Gli educatori delle scuole per giorni non hanno avuto notizie sul loro stipendio. Ora c'è un accordo per il Fondo d'Integrazione Salariale

Ogni giorno 7 milioni di euro. Questa la stima dei soldi persi ogni giorno dalle cooperative lombarde a causa dell’emergenza coronavirus. Un impatto per ora importante, ma potenzialmente devastante, con 25.000 lavoratori a rischio. Con la chiusura delle scuole maggiore clamore ha fatto il caso degli educatori delle cooperative sociali che, per giorni, non hanno avuto certezze sul loro stipendio.

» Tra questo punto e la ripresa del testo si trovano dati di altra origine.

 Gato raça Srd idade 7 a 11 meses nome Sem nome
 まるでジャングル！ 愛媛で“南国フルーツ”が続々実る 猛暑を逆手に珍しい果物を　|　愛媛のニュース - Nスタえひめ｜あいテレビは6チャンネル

Ora è arrivata una boccata d’ossigeno. Un accordo tra i sindacati – CGIL, CISL E UIL -, Confcooperative e Legacoop Lombardia consentirà infatti ai lavoratori di accedere agli ammortizzatori sociali.

I servizi educativi

Dal momento della chiusura delle scuole sulle chat WhatsApp di molte educatrici e molti educatori sono iniziati a rimbalzare messaggi sulla situazione. Perché se è vero che gli insegnanti sin da subito erano convinti di ricevere lo stipendio anche senza fare lezione, chi presta servizi educativi da subito ha avuto qualche dubbio. Dubbi che sono proseguiti per giorni in realtà, con una situazione confusa e fumosa.

Solo Mercoledì 4 marzo si è arrivati ad un accordo tra confoocperative, Federsolidarietà Lombardia e Legacoop per attivare il Fondo d’Integrazione salariale per le lavoratrici e i lavoratori del sociale che svolgono diverse attività (qui l’elenco completo).

I settori colpiti e l’accordo

L’accordo siglato il 4 marzo tra sindacati e cooperative sociali è stato il viatico per quello del giorno successivo, valido in generale per il mondo cooperativistico lombardo maggiormente toccato dall’emergenza coronavirus.  Dalle attività turistiche, culturali e sportive, direttamente interessate dalle misure di contrasto all’epidemia, fino a quelle toccate indirettamente dall’emergenza anche economica scatenata dal covid – 19 (qui l’elenco).

«Questo accordo, che abbiamo firmato per primi, è il frutto del lavoro con cui la nostra organizzazione sta lavorando per dare risposte concrete alle nostre imprese e ai nostri lavoratori in difficoltà – ha affermato Massimo Minelli, Presidente di Confcooperative -. É un momento di grande complessità che si deve affrontare insieme e che richiede grandi alleanze. Confidiamo assieme ai sindacati – ha concluso – che da Regione Lombardia e Governo arrivino presto risposte efficaci all’emergenza».